The subject of this dissertation is methods and models for adaptive management of network resources, routing, and traffic optimization in telecommunications networks, aimed at improving network performance and ensuring the necessary quality of service for end users.
The subject of the dissertation is the process of adaptive management of network resources, routing, and traffic distribution in telecommunications networks with the aim of ensuring quality of service (QoS/QoE) indicators when providing services to end users.
The objective of the research is to improve the efficiency of telecommunications networks by minimizing transmission delays, packet loss, and channel congestion through the creation of mathematical models, multi-criteria routing algorithms, and adaptive bandwidth control.
• For the first time, a method for adaptive management of telecommunications network resources has been developed. This method is based on a closed-loop network status monitoring system and dynamic, adaptive adjustment of communication channel bandwidth, which reduces transmission delays and packet loss while increasing network resource utilization.
• A mathematical model of telecommunications network operation has been improved; unlike existing models, it accounts for the probability distribution of route load by determining packet weighting coefficients based on quality of service, enabling the evaluation of the time characteristics of operational processes, determine transaction execution delays, and analyze the operational efficiency of systems with parallel data processing.
• For the first time, a method has been developed for multi-criteria optimal traffic routing and prioritization of critical data, which is based on the use of a combined channel weighting function and a multi-path flow distribution mechanism, and allows for the determination of probabilistic-temporal characteristics of general-type queuing systems without considering the distribution of arrival and service processes.
• A method for managing telecommunications networks has been improved; unlike existing methods, it is based on adaptive management of network resources and incorporates a method for multi-criteria optimal traffic routing, which allows for an improvement in the integrated QoS/QoE metrics for end users in software-defined IP/MPLS networks.
The first chapter provides a comprehensive analysis of modern telecommunications technologies and network management methods, including QoS/ QoE, routing algorithms, load balancing, and bandwidth allocation.

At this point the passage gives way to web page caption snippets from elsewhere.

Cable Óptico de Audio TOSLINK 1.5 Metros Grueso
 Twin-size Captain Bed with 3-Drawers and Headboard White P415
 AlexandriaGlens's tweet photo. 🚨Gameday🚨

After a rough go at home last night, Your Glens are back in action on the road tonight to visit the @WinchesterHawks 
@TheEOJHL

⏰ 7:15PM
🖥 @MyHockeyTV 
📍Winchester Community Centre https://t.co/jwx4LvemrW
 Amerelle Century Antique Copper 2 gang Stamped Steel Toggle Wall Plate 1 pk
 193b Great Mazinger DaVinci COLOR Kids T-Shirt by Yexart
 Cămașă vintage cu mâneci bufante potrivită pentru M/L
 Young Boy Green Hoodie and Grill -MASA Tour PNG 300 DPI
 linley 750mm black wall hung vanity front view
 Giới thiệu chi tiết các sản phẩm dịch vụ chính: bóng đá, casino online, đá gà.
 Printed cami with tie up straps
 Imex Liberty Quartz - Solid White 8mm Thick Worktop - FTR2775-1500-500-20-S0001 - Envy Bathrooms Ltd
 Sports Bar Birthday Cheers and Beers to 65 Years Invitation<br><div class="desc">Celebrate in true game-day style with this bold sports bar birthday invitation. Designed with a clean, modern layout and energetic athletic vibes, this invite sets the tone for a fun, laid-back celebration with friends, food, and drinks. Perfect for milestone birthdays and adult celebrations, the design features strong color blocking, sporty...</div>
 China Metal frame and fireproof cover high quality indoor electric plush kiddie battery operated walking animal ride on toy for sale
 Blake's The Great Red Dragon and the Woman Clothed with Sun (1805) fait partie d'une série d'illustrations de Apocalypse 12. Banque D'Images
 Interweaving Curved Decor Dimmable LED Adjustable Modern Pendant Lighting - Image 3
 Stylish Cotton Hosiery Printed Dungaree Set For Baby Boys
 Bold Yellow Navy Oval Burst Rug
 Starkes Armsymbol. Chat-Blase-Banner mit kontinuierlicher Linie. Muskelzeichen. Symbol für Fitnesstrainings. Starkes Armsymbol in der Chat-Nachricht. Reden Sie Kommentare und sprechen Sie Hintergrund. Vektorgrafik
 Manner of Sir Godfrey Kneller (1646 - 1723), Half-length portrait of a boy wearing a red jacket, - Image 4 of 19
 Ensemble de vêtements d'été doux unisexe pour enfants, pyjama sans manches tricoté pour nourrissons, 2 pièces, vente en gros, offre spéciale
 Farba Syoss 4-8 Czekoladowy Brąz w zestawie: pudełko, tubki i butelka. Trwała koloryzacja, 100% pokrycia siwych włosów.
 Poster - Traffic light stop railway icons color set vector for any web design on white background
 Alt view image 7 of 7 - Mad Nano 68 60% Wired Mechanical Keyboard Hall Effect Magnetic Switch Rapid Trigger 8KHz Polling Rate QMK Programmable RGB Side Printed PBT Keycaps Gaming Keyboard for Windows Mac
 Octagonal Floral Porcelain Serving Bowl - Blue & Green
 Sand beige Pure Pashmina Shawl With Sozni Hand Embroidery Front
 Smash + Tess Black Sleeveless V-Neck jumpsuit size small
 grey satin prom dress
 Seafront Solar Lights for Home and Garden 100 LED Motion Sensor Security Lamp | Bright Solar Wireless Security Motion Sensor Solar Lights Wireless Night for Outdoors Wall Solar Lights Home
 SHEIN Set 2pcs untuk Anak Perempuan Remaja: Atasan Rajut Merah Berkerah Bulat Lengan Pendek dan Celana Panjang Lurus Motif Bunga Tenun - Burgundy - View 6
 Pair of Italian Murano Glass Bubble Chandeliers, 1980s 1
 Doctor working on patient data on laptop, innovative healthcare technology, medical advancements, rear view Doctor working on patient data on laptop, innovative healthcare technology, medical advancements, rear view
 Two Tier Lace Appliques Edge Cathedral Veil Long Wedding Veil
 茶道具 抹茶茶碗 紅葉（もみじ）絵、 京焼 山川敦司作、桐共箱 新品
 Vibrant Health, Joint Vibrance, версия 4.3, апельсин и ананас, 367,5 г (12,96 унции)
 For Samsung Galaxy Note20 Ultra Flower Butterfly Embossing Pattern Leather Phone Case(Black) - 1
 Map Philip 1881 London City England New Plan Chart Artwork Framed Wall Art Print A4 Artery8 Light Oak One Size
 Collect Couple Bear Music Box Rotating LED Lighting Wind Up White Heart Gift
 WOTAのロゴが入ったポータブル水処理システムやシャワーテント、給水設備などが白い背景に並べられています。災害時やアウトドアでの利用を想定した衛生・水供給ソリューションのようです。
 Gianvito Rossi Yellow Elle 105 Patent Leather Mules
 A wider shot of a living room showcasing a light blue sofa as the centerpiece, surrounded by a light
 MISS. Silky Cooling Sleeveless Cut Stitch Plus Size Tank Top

A comparative assessment of existing solutions is conducted, and their limitations under conditions of variable traffic and increasing service quality requirements are identified, which allowed for the formulation of the scientific problem, the research objective, and the research tasks.
In the second chapter, a set of mathematical models of telecommunications network operation was developed, including a model of channel capacity utilization, a model of packet delay and loss formation, and a multi-criteria model for evaluating service quality. Based on these models, the problem of optimizing resource allocation and traffic routing was formulated as a weighted graph.
The third chapter proposes an adaptive method for managing network resources based on a closed-loop network status monitoring system and a method for optimal traffic routing using a multi-criteria channel weighting function, which enables dynamic traffic distribution, load balancing, and improved utilization of the telecommunications network’s bandwidth.
Chapter 4 presents the implementation of the developed methods in the form of algorithms and a software model, provides the results of simulation modeling and experimental studies, performs a comparative analysis of the effectiveness of the proposed and existing approaches, and determines the impact of adaptive control on the performance indicators of a telecommunications network.
The results indicate that the developed adaptive control and optimal traffic routing methods allow for reducing communication channel congestion, increasing network throughput, and ensuring the stable operation of the telecommunications system under conditions of variable traffic load.